Would you give the listing again exactly, without its images?

═════ RECORDED INFORMATION

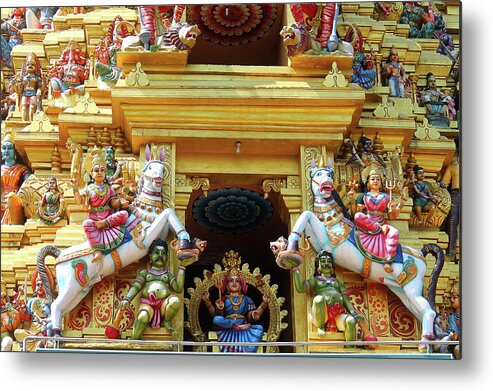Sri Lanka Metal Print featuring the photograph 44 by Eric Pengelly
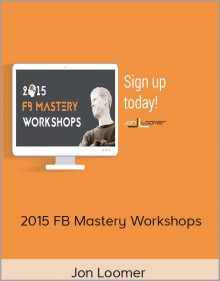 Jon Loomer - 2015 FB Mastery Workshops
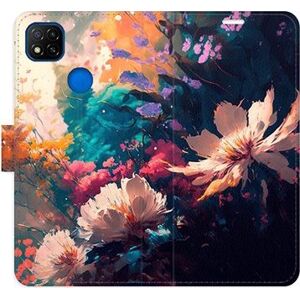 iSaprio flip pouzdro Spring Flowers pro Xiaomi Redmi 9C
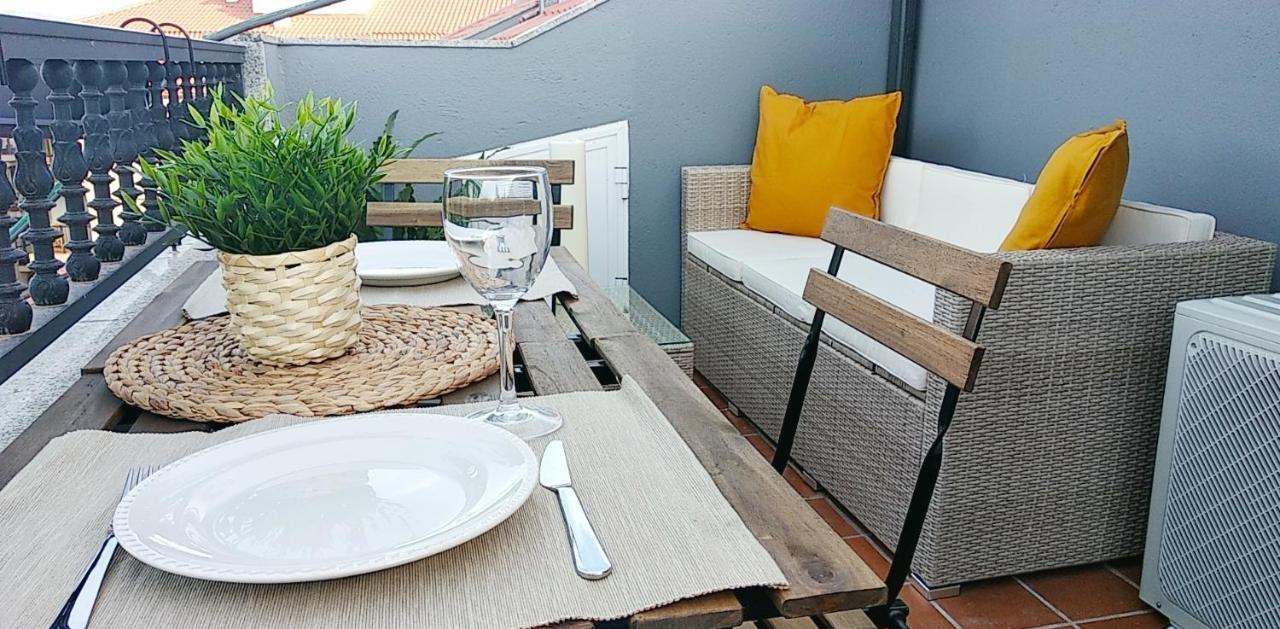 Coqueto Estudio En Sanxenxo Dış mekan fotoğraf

══════════

RESULT BELOW:
Sri Lanka Metal Print featuring the photograph 44 by Eric Pengelly
 Jon Loomer - 2015 FB Mastery Workshops
 iSaprio flip pouzdro Spring Flowers pro Xiaomi Redmi 9C
 Coqueto Estudio En Sanxenxo Dış mekan fotoğraf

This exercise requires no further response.